Hello all,

yesterday I had exactly the same problems with jemalloc and the lrt flag on CentOS 6.9, so thanks!

Additionally, I had to add libpng as a dependency because of this:

   bazel-out/host/bin/tensorflow/python/gen_sdca_ops_py_wrappers_cc:
   symbol lookup error:
   
/dev/shm/tmp/eb-JSJtbU/tmpdYLcXD-bazel-build/execroot/org_tensorflow/bazel-out/host/bin/tensorflow/python/../../_solib_k8/_U_S_Stensorflow_Spython_Cgen_Usdca_Uops_Upy_Uwrappers_Ucc___Utensorflow/libtensorflow_framework.so:
   undefined symbol: png_set_longjmp_fn

which seems to need libpng >=1.5.

Cheers,

Miguel


On 26/04/18 21:49, Yann Sagon wrote:
Dear Mikael, dear Kenneth,

I tried to compile with only with_jemalloc = False and it failed.

Using Mikael's patch, it's working fine!
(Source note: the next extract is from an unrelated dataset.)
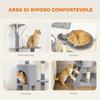 Cat Tower with House, Perch, Platforms and 4 Mice, Made of Wood, Plush and Sisal, 60x35x134 cm, Grey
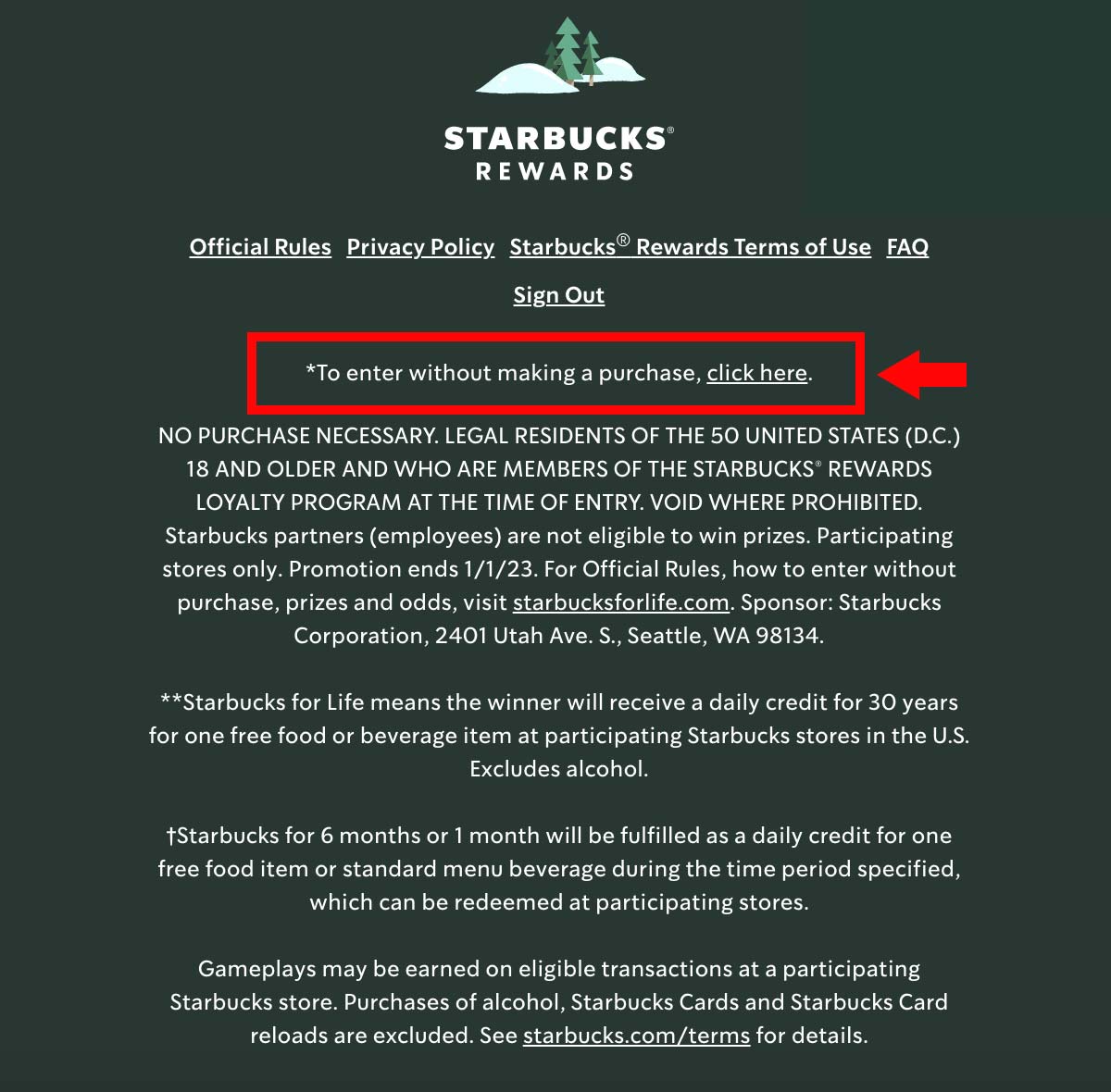 Screenshot of the Starbucks for Life game site showing where to play for free.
And yes, it's a CentOS 6.9, good guess.

Many thanks, I'm very happy that I won't have to fight to install Bazel and Tensorflow manually anymore!

I'm trying to compile the TF with cuda support as well but I'm not sure if I proceed correctly.

I have added in the eb file:

under dependencies: ('cuDNN', '6.0-CUDA-8.0.61', '', True)

and cuda_compute_capabilities = ['6.0']

Do I have to enable cuda support in Bazel as well?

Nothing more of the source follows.